こんにちは。
僧侶でライターの小島杏子です。
牡丹の花が華やかに咲き、目に飛び込む緑が鮮やかに輝きはじめるころ、我が家では住職である父親がそわそわとしはじめます。理由は簡単で、ホームセンターにたくさんの苗が並ぶからです。長年家庭菜園にのめり込む父親にとって、これから始まる畑の季節はどうしたって心が浮き立つものなのでしょう。

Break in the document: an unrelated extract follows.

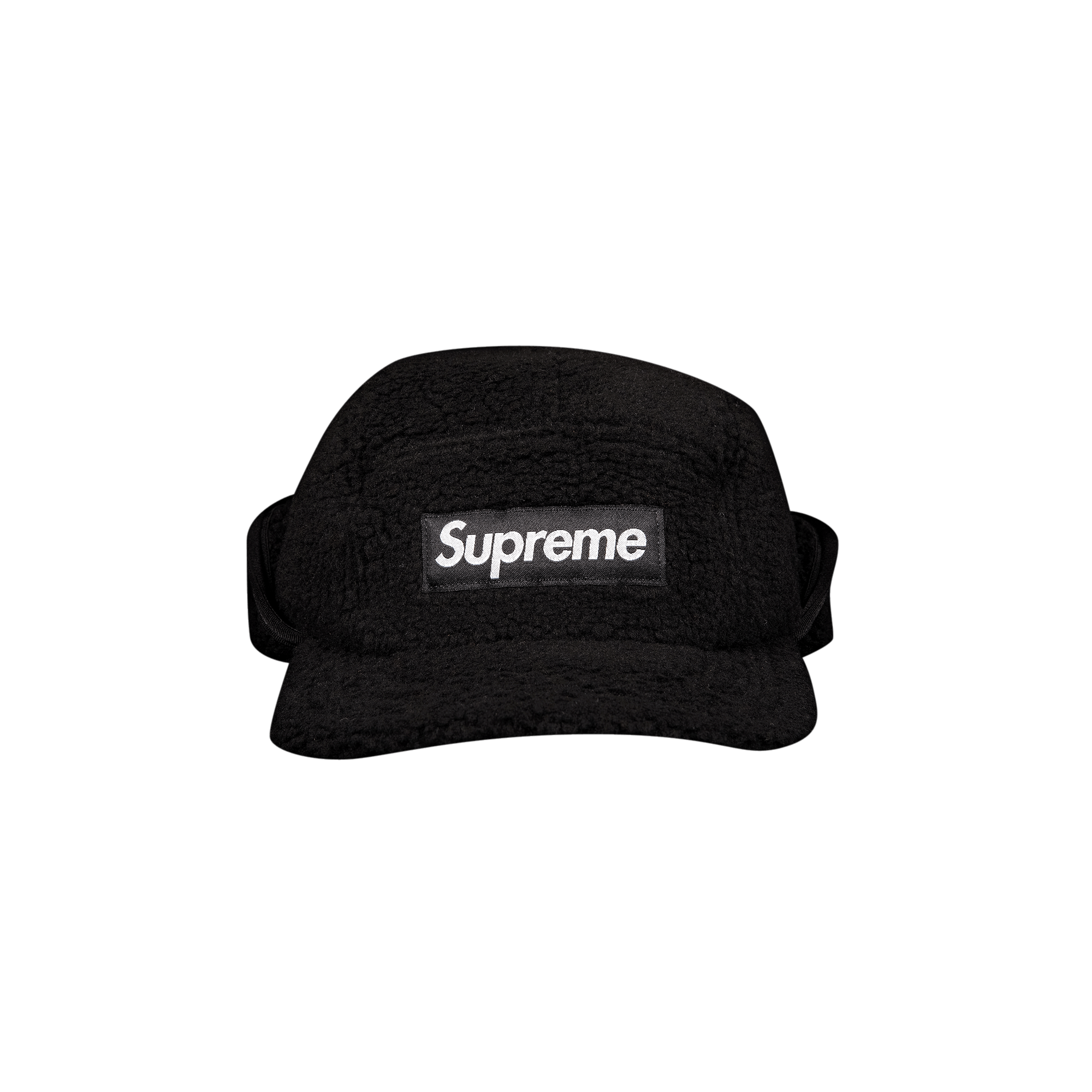 SUPREME SUPREME DEEP PILE EARFLAP CAMP CAP 'BLACK'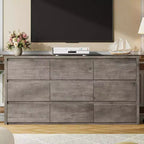 9-Drawer Wooden Dresser for Bedroom, Wide Modern Chest of Drawers, Large Storage Organizer for Living Room, Hallway, or Entryway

こういった畑仕事の目安のひとつに「雑節」というものが日本にはあります。中国の黄河流域発祥とされる二十四節気とはちがい、雑節は日本の生活のなかから生まれてきました。長いあいだ積み重ねられた生活の知恵と経験に基づいた、大切な季節の目印です。
今日はそんな雑節のなかのひとつ「八十八夜」のお話。
「八十八夜」と言われると、「夏も近づく……」と口から歌がこぼれてくる方も多いかと思います。
夏も近づく八十八夜
野にも山にも若葉が茂る
あれに見えるは茶摘みじゃないか
茜襷(あかねだすき)に菅(すげ)の笠
小学校の教科書にも掲載され、全国で歌い継がれてきたこの唱歌『茶摘』は、5月の茶畑の美しい風景を歌ったものです。
立春から数えて88日目が、八十八夜にあたります。
このころ、来たる初夏を前に最後の冷え込みが夜、山間部を包むことがあるそうです。雨のあとのよく晴れた日、夜が更けるころになって急にぐんと冷え込んで霜が降りる。この、季節外れの遅霜(晩霜)は、桑やお茶、果樹などに大変な打撃を与えます。

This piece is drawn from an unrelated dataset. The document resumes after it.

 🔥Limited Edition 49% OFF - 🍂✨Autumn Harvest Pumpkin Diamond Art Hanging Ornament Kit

八十八夜を過ぎるころになれば、霜の心配もなくなり、安心して種をまいたり苗を定植することができるのです。
このことを「八十八夜の別れ霜」と表現することがあります。ほかに「忘れ霜」「霜の果て」なんて美しい言い回しもあるようです。
調べてみると「八十八夜の〇〇」という言い回しは非常に種類が多く、それらのほとんどは「八十八夜の別れ霜」と同じように、畑仕事のさまざまなタイミングや注意を伝えるものでした。特に近代的な農法が発展するより前は、季節の移ろいを見つめ、そこにあらわれる大切な目印を見逃さないことが、人々にとってとても切実な仕事だったのでしょう。
八十八夜が過ぎれば、すぐに立夏。春の終わり、最後の寒気をしのいだら、やがて空は夏めいて田植えの季節が訪れます。